Ask HN: Do you have a dream job? - neilsharma
Most of my friends have jobs they don&#x27;t hate, but also don&#x27;t particularly care for. This seems to me like an unfortunate use of life if they aren&#x27;t doing something they love while also feeling fulfilled and advancing their career.<p>I&#x27;d love to hear:<p>- What you do<p>- Where you work (if you don&#x27;t mind sharing since you have only good things to say)<p>- How did you get the job (esp if its a a bit unorthodox)<p>- Why is it awesome.<p>If some people can identify with your goals and interests, this may help them find a job they love.
======
jkarneges
I had my dream job awhile back, where I was paid to work full time on my own
open source project. Essentially my employer was offering the software to
customers, and they wanted to make sure it was maintained. It was easygoing, I
set my own roadmaps, and I had the freedom to contribute to struggling third-
party dependencies as needed (I felt like an open source superman, swooping
in). This job lasted for several years until I quit to pursue startup life.

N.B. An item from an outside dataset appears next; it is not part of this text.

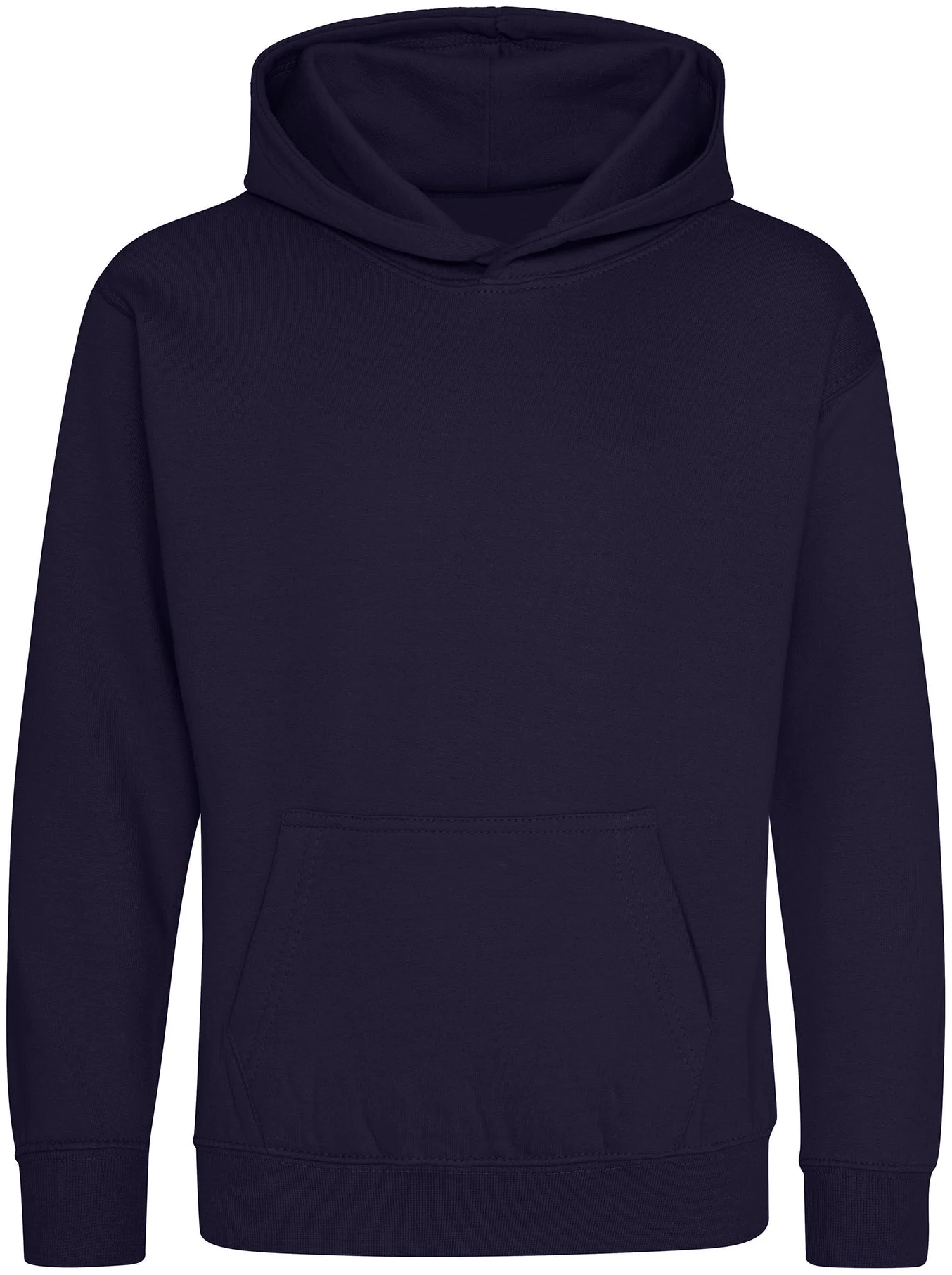 justhoods-jh001j-kids-hoodie-newfrenchnavy-front-1 Just Hoods Kids Hoodie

I'm currently the founder of my own funded company, which in a way sounds like
a dream job too, but because there are a lot of non-coding distractions and
also huge stress levels, I don't think it's really the same. The cushy open
source gig was the dream job. :) Maybe after I'm "successful" I'll go back to
that.

------
collyw
No, I have a shit job. Started great went downhill after a year.

I loved it the first year, getting requirements, designing and building the
database, and web front end for a sequencing centre. Learning a new language,
web framework, some JavaScript, using my existing database and coding skills
and pushing them further.

Three and a half years on all I seem to do is fix the same excel upload errors
(it was a temporary quick fix solution that has always been bottom priority
for replacement), go to dumb meetings where they spend half an hour discuss
the acronyms used in the menus, and change colour of items. I never get a
chance to focus on anything that takes more than half a days coding, so
basically all the interesting work is now replaced by trivial fixes usually
where the users seem incapable of reading the error message (though with Excel
it impossible to guess what the problem will be).

I was promised a promotion last year, but that hasn't happened yet (I work in
Spain, and government cuts mean it not allowed until we merge with another
institute). I have realised recently, that it is making me frustrated and
deeply unhappy, so I am willing to take a pay hit (on my future wage) to do
something that I actually enjoy again.

Ideally I want to go freelance, but there isn't such a big market here in
Spain, and the common advice is to build up your portfolio (tricky when your
work is in house).

Anyway, as I realised recently, do something you enjoy, and don't get sucked
into the management style thing if you that isn't what you want to do. If
management are not listening to your suggestions, it is time to get out. The
promise of more money has kept me hanging on far too long.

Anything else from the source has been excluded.